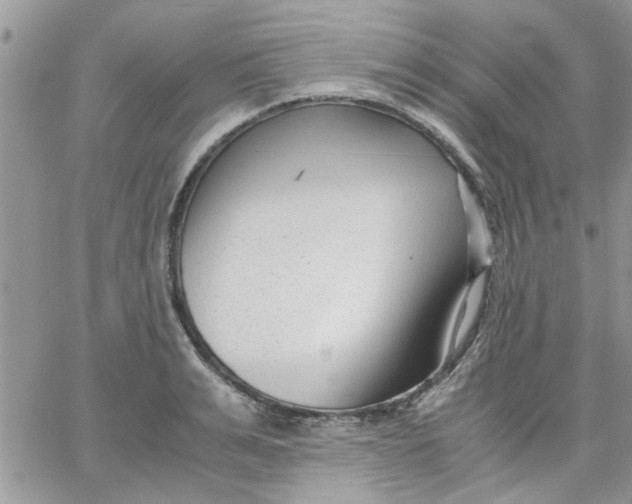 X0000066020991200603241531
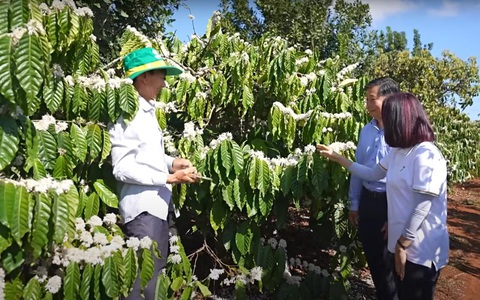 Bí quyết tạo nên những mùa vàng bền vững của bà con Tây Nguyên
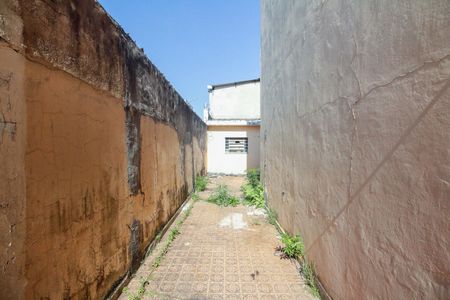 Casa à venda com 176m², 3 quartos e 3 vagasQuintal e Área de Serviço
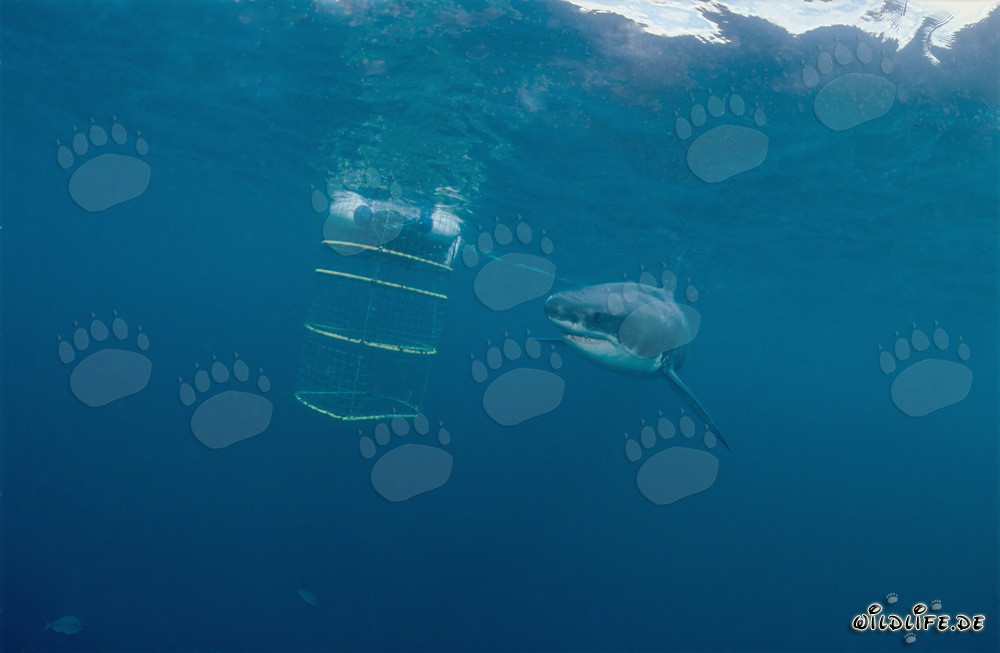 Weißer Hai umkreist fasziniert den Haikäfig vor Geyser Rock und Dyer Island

(What you should do)
Would you please give the material above again, unchanged but without pictures?

(Your response)
 X0000066020991200603241531
 Bí quyết tạo nên những mùa vàng bền vững của bà con Tây Nguyên
 Casa à venda com 176m², 3 quartos e 3 vagasQuintal e Área de Serviço
 Weißer Hai umkreist fasziniert den Haikäfig vor Geyser Rock und Dyer Island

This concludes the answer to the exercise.